▶ [Exercise]
Would you return the data below exactly as it stands, with every picture left out?

▶ [Dataset extract]
====
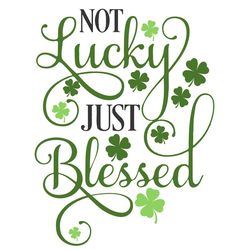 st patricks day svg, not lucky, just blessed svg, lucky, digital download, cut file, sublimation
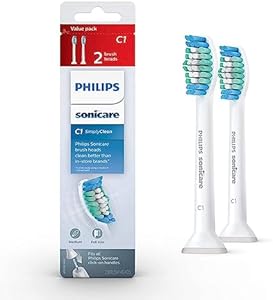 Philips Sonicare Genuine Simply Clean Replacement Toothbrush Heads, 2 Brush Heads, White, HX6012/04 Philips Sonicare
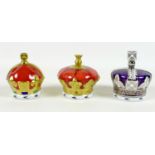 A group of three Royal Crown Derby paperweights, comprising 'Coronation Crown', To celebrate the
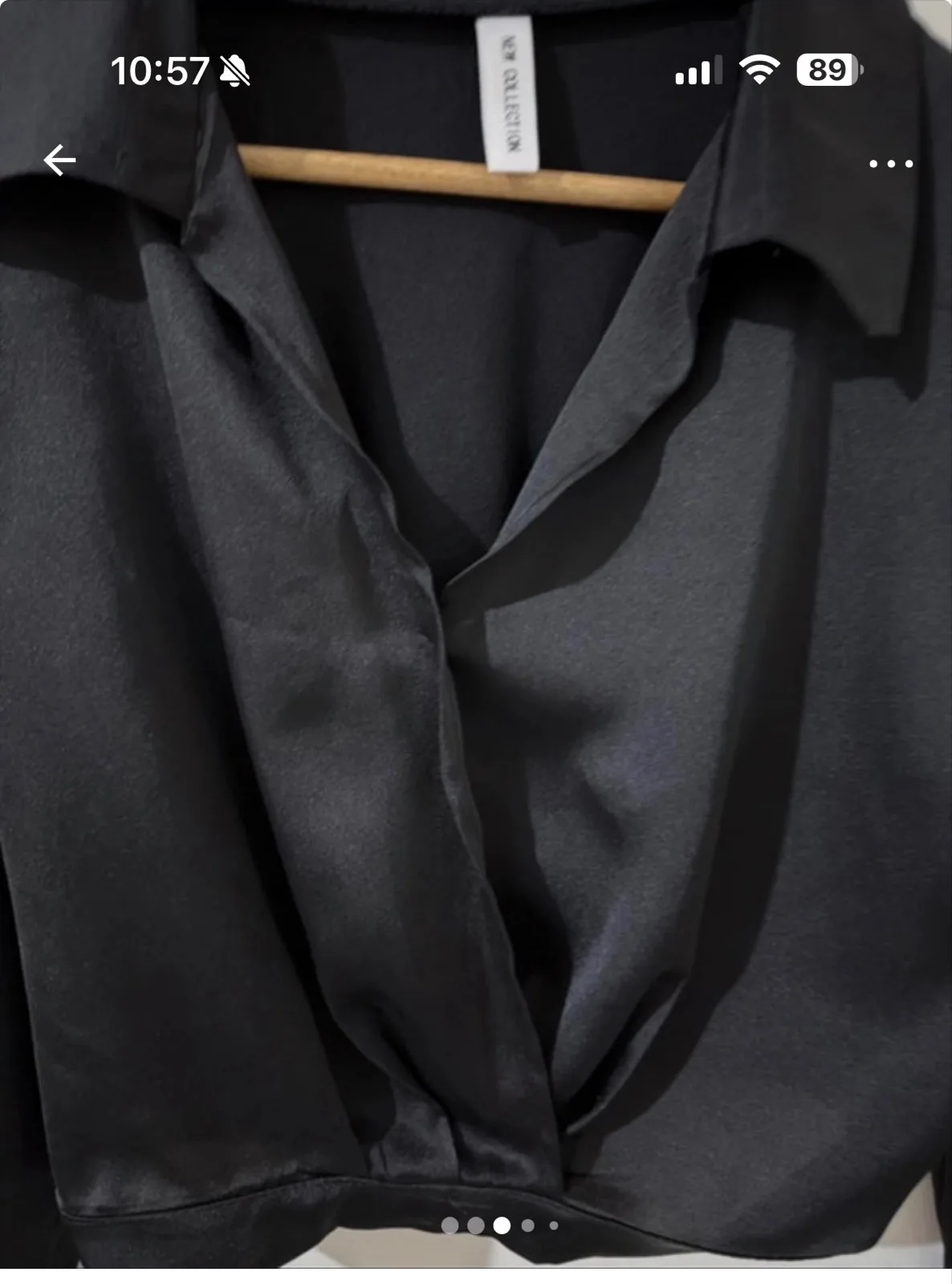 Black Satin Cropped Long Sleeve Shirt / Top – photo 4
====
▶ [Finished exercise]
 st patricks day svg, not lucky, just blessed svg, lucky, digital download, cut file, sublimation
 Philips Sonicare Genuine Simply Clean Replacement Toothbrush Heads, 2 Brush Heads, White, HX6012/04 Philips Sonicare
 A group of three Royal Crown Derby paperweights, comprising 'Coronation Crown', To celebrate the
 Black Satin Cropped Long Sleeve Shirt / Top – photo 4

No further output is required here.